### GIVEN DATA:
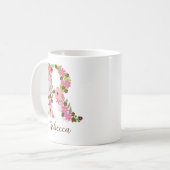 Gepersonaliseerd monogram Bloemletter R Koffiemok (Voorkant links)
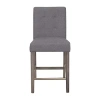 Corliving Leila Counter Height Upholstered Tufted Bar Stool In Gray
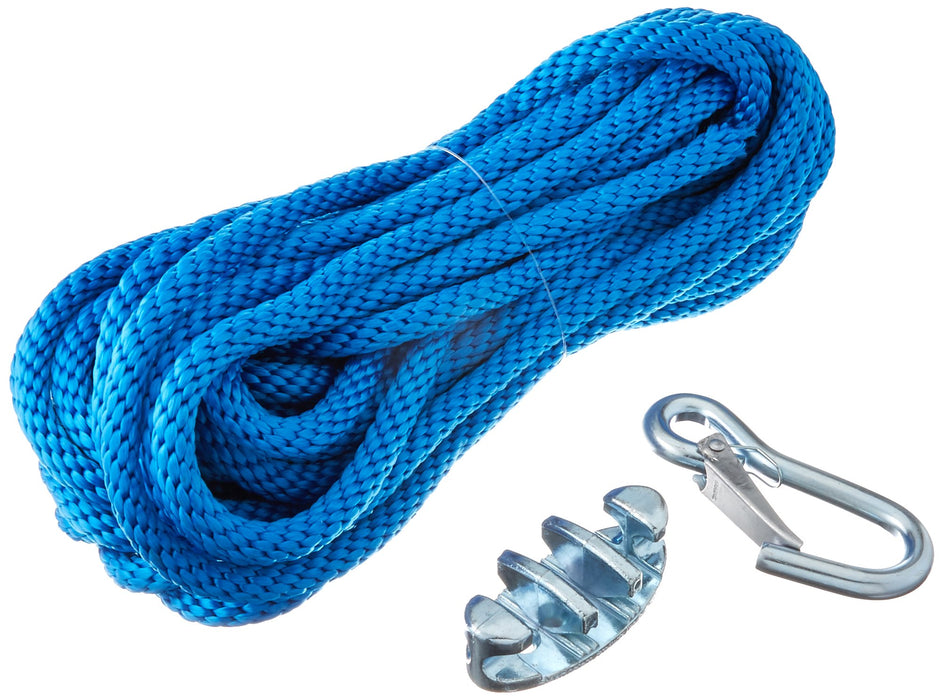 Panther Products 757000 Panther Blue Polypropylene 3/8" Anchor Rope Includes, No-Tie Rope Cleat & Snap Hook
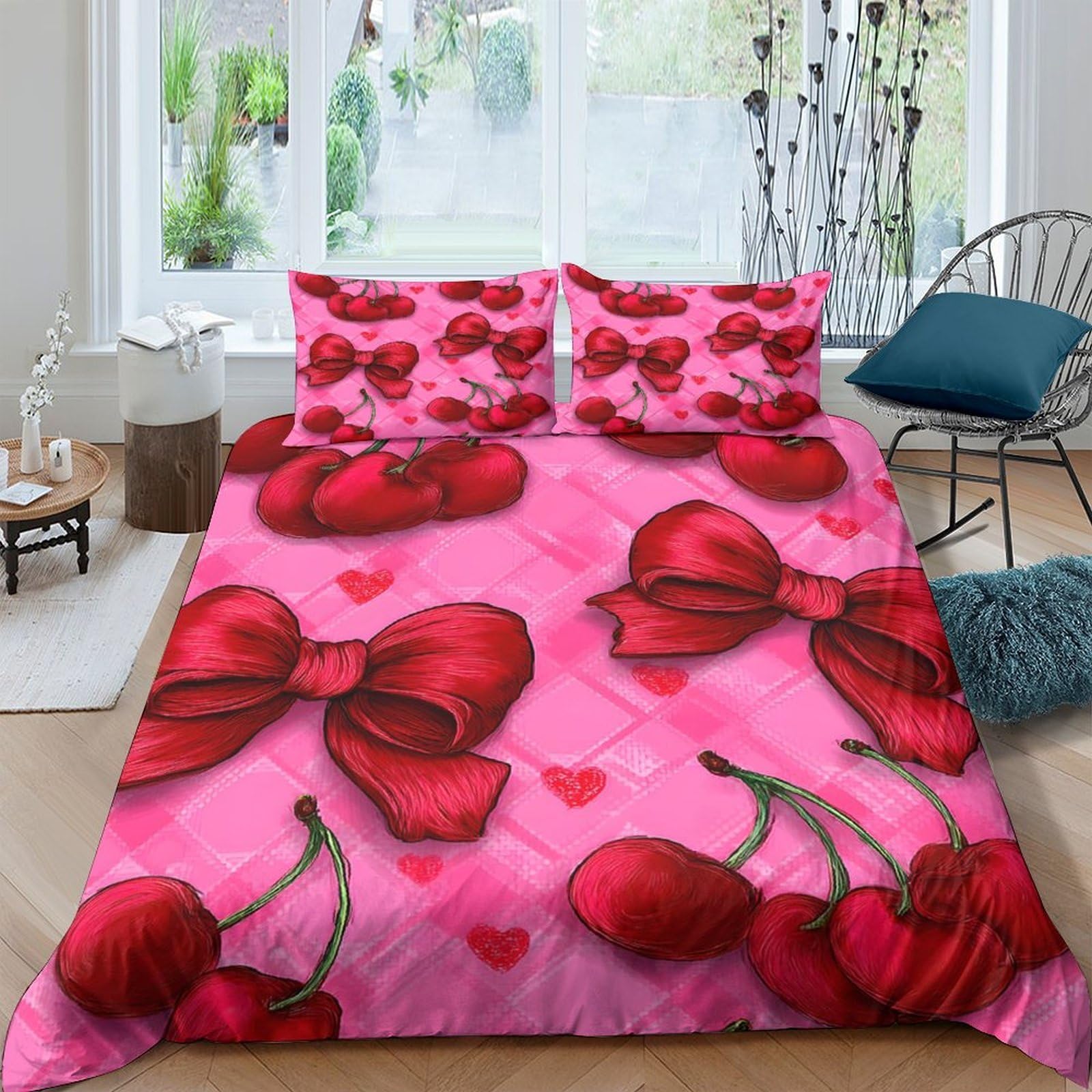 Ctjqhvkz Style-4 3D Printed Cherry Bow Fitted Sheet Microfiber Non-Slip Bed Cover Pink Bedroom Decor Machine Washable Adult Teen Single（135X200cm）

### WHAT YOU SHOULD DO:
The full material above must be output verbatim, minus any pictures.

### RESPONSE BELOW:
 Gepersonaliseerd monogram Bloemletter R Koffiemok (Voorkant links)
 Corliving Leila Counter Height Upholstered Tufted Bar Stool In Gray
 Panther Products 757000 Panther Blue Polypropylene 3/8" Anchor Rope Includes, No-Tie Rope Cleat & Snap Hook
 Ctjqhvkz Style-4 3D Printed Cherry Bow Fitted Sheet Microfiber Non-Slip Bed Cover Pink Bedroom Decor Machine Washable Adult Teen Single（135X200cm）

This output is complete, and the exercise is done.